The history of Kagoshima is full of such stories that burn with their passionate protagonists, and their significance in Japan’s wider narrative. With its volcano in the bay, island chains, green tea plantations and mountainsides - it has a richly evocative landscape and geography formed with its human inhabitants.
The so-called Namamugi Incident of 1862 marked a temporary low point in Anglo-Satsuma relations. What occurred near the village of Namamugi on the Tokkaido road from Tokyo (Edo at the time), was essentially an extreme version of the cultural faux-pas that many subsequent visitors to Japan have experienced. The great error of Mr Richardson was to fail to dismount from his horse when he encountered the party of the Shimazu lord of Satsuma. That Shimazu was on the road however, also tells a story.
For 250 years, since the establishment of the Tokugawa dynasty to the Japanese Shogunate, the lords of Japan’s domains had been required to make periodic visits to the capital. The expense and difficulty of these processions hampered the independent development of the regions, and to an extent: kept the peace. However, the Satsuma lords had a somewhat unique status, furthest from the centre.

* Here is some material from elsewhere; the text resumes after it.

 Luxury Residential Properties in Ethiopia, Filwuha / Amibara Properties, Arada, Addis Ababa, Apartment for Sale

While they had not supported the Tokugawa in the earliest days, the Shimazu family retained much of their status and through the subjugation of the Ryukyu kingdom (present day Okinawa) to the south, had a route to the outside world.

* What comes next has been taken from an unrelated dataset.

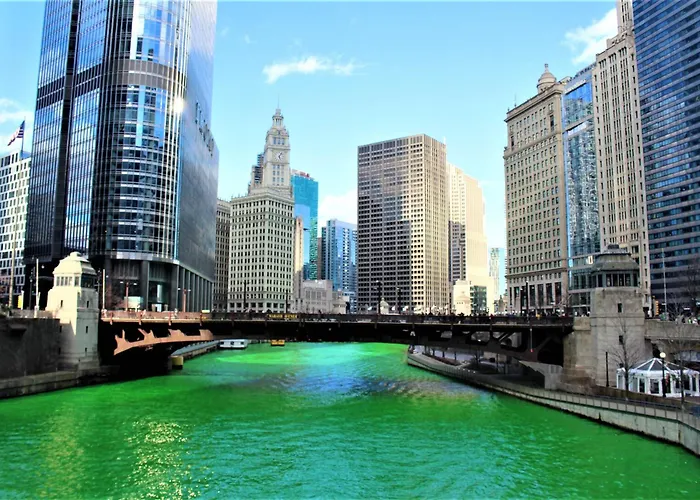 By Marriott Chicago O'hare 3*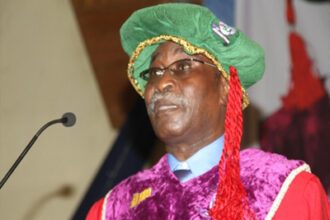 Sanwo-Olu mourns communication scholar, Idowu Sobowale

A curiosity to the world beyond was shown again following their conflict with the British in the 1860s. The period of negotiations following Richardson’s death, eventually built ties with London, that were developed by the sending of a party of young samurai to Britain (the so-called Satsuma Students). This mirrored the British journey of the Choshu Five, a group of famous samurai from the region allied to Satsuma in the Meiji Restoration of 1868, that in tumultuous events established the modern Japanese state. These were events in which Satsuma played a central role.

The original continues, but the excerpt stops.